Parmi les textes démonstratifs, nous distinguons plu-
sieurs types qui se différencient par la manière particulière
dont ils présentent ou conduisent leur démonstration.
Nous étudierons tour à tour :
• Les textes démonstratifs proprement dits,
• Les textes ironiques,
• Les textes polémiques,
• Les articles de presse.
Le texte démonstratif proprement dit
(démonstration directe)
Notre méthode, pour comprendre ce type de texte,
consiste à :
a) repérer le thème ;
b) noter la conclusion et la progression ;
c) saisir et comprendre les allusions ;
d) se demander quels sont les mots attendus par le lecteur
mais que pourtant l'auteur ne prononce pas ;
e) répondre à la question : contre qui l'auteur écrit-il ?
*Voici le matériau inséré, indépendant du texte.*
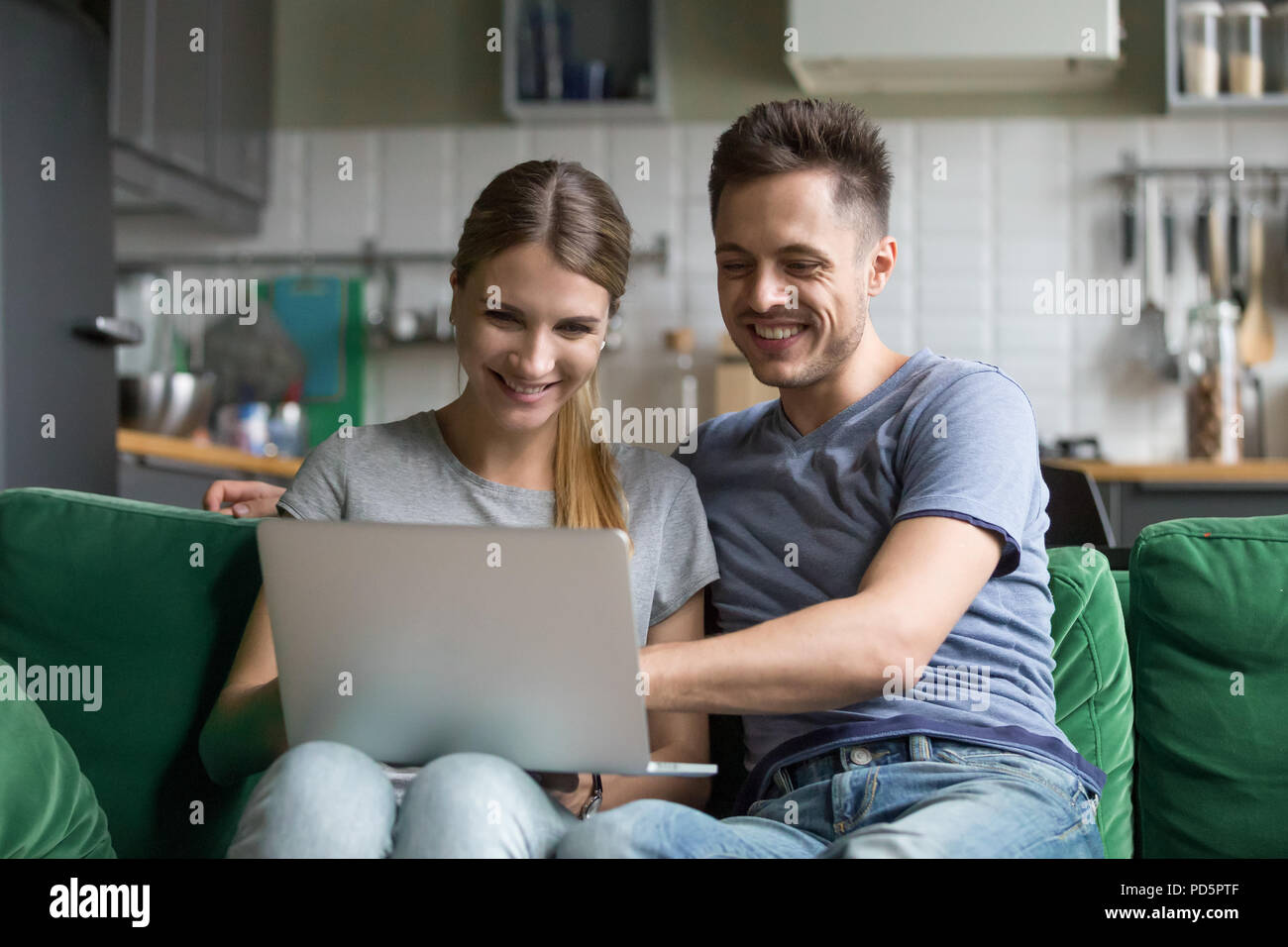 Glückliches Paar lachend auf Laptop gemeinsam Lustig Stockfoto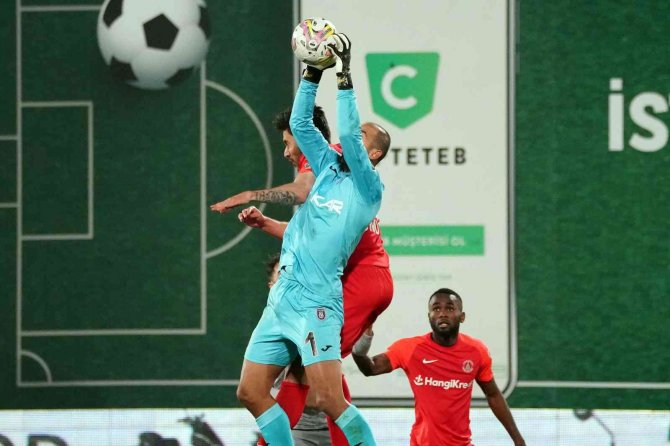 Spor Toto Süper Lig: Ümraniyespor: 1 - Medipol Başakşehir: 3 (Maç Sonucu)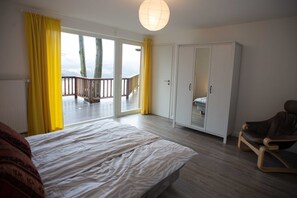 3 chambres, lit de bébé portatif, literie fournie
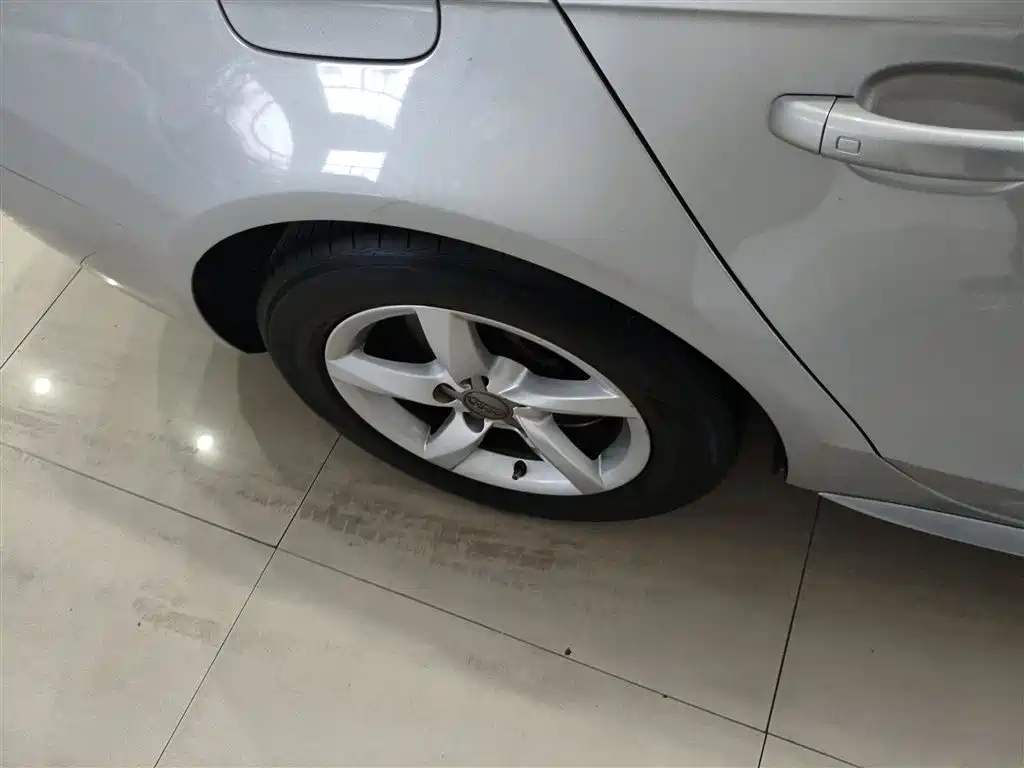 Audi A4L 2013 35 TFSI Automatic Standard фото 22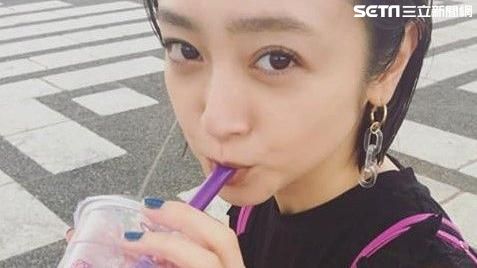 台灣珍奶太狂！日女星安達祐實也搶喝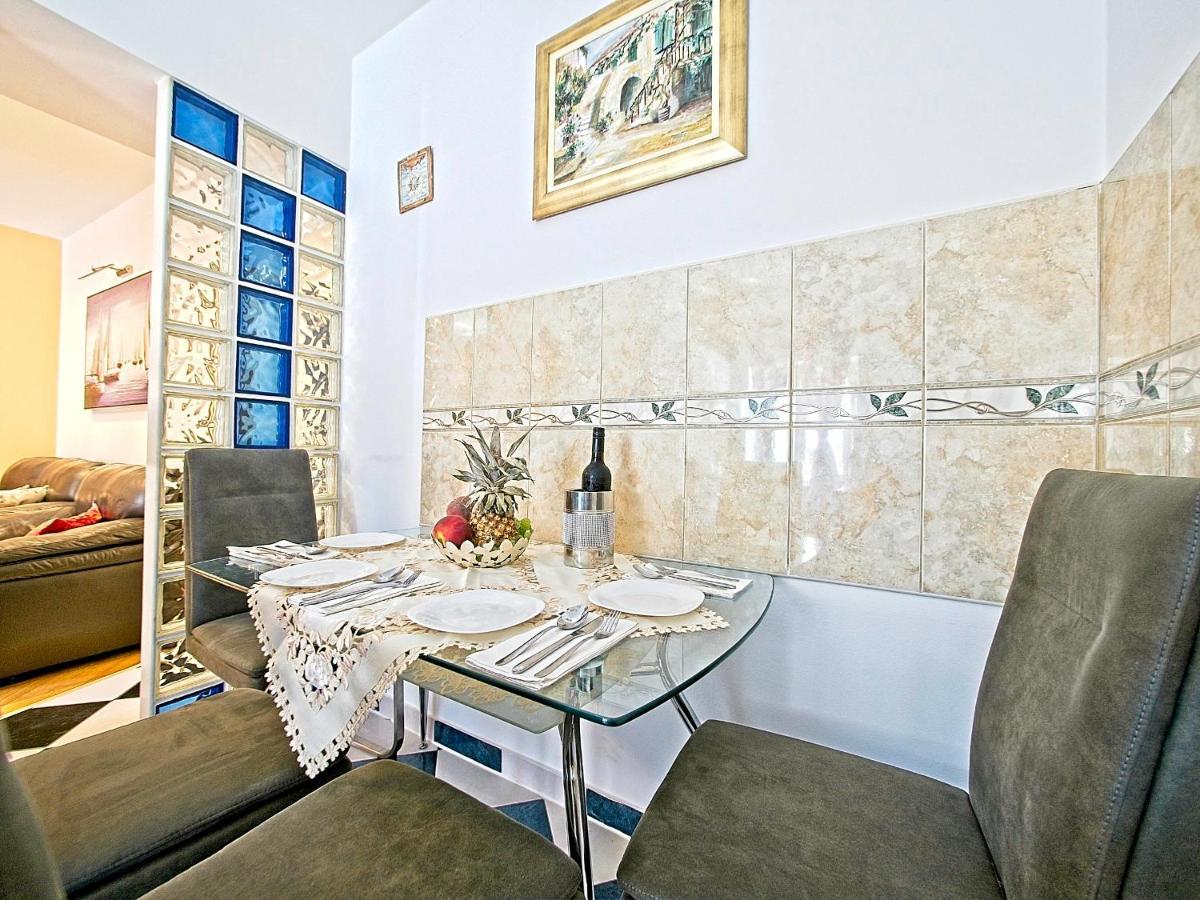 Nina Apartment Split Bagian luar foto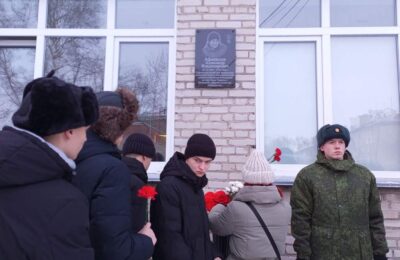 В память о герое СВО Александре Афанасьеве открыли мемориальную доску в Куйбышеве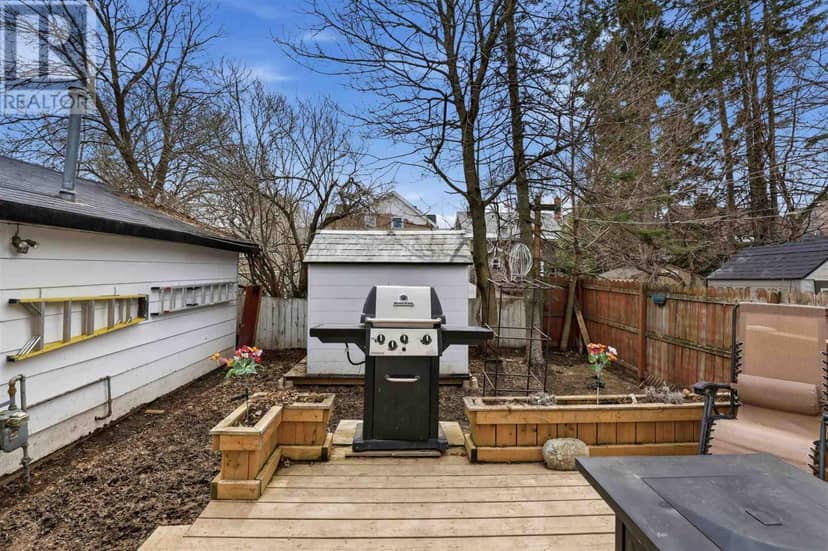 49 Hawthorne AVE — photo 29 of 36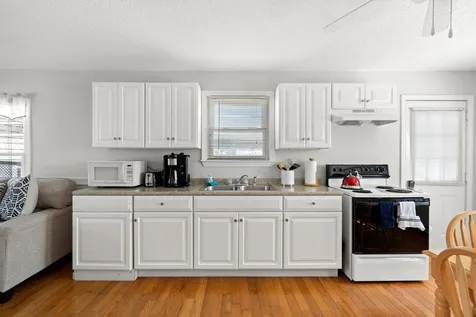 8 Commonwealth Avenue Salisbury MA 01952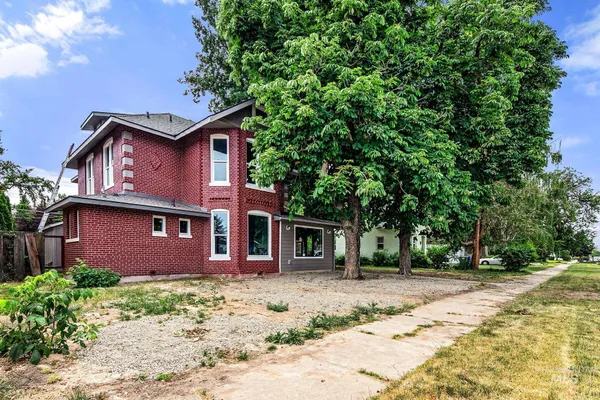 $599,900 | 1122 1st Avenue South, Payette, ID 83661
1. Un problème épineux est posé par la nature de la philosophie. Une tradition
ancienne l'exclut du domaine littéraire. Nous pensons que c'est à tort. Quelle
que soit sa volonté d'être objectif, un philosophe n'est pas un savant ; il se
hasarde dans un domaine inconnu dans lequel il a pour support principal son
intuition ; derrière le système rationnel qu'il construit se cachent des jugements
de valeur ; même si elle s'efforce d'être logique et rigoureuse, sa pensée reste
personnelle et sa vision est subjective. C'est pourquoi nous classons résolument
les ouvrages philosophiques dans la littérature. Ceci ne préjuge nullement de
leur valeur proprement philosophique.